Instructions to follow —
Your answer should hold only the lines from the one with "Zoé Carrington T.02 : Bande dessinée" through the end of the records, repeated exactly and minus any pictures.

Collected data

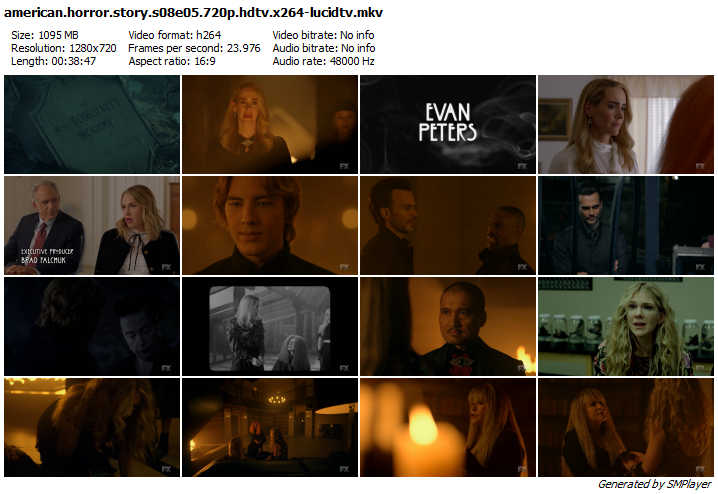 American Horror Story S08E05 720p HDTV x264 LucidTV American Horror Story S08E05 720p HDTV x264 LucidTV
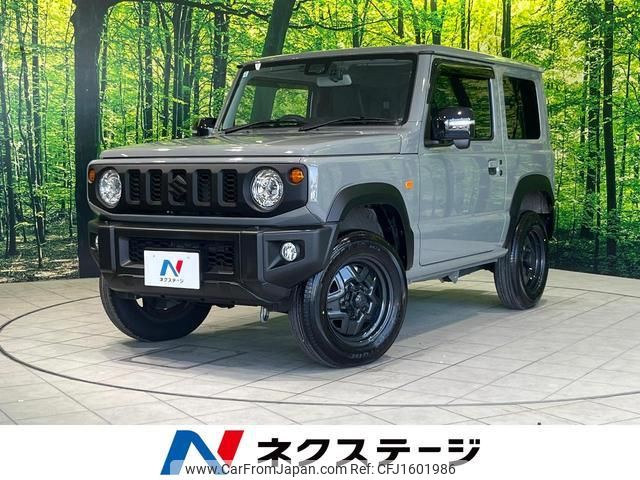 suzuki jimny 2024 CFJ1601986 image 1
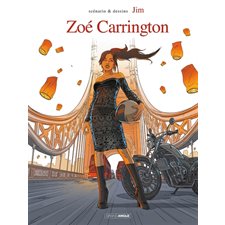 Zoé Carrington T.02 : Bande dessinée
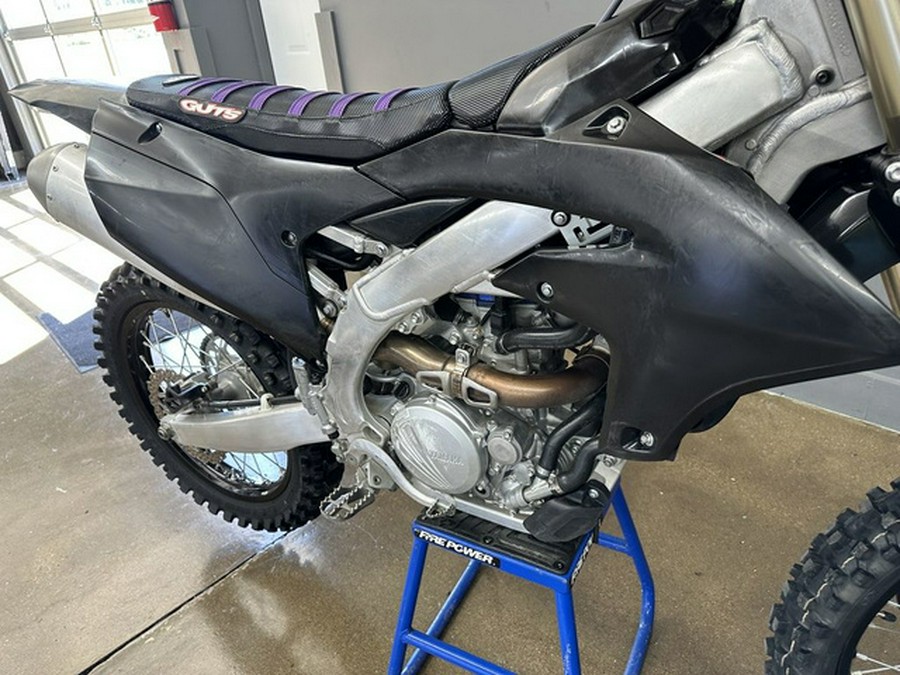 2024 Yamaha YZ 250F Team Yamaha Blue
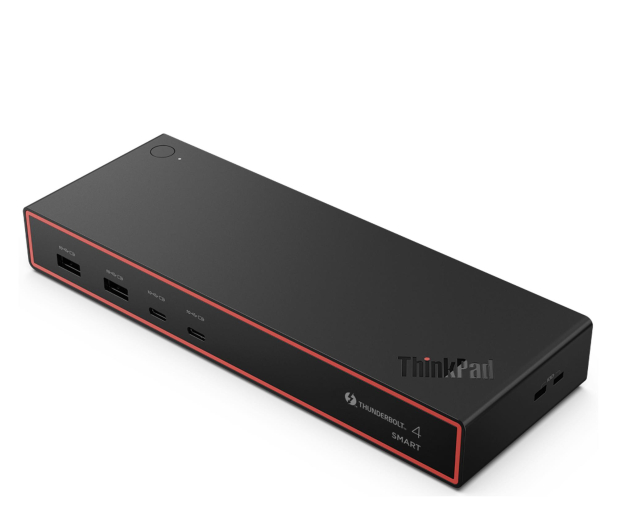 LENOVO ThinkPad Thunderbolt 4 Smart Dock Gen2 7500 40BE0135EU - 1504193 - zdjęcie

Answer section —
 Zoé Carrington T.02 : Bande dessinée
 2024 Yamaha YZ 250F Team Yamaha Blue
 LENOVO ThinkPad Thunderbolt 4 Smart Dock Gen2 7500 40BE0135EU - 1504193 - zdjęcie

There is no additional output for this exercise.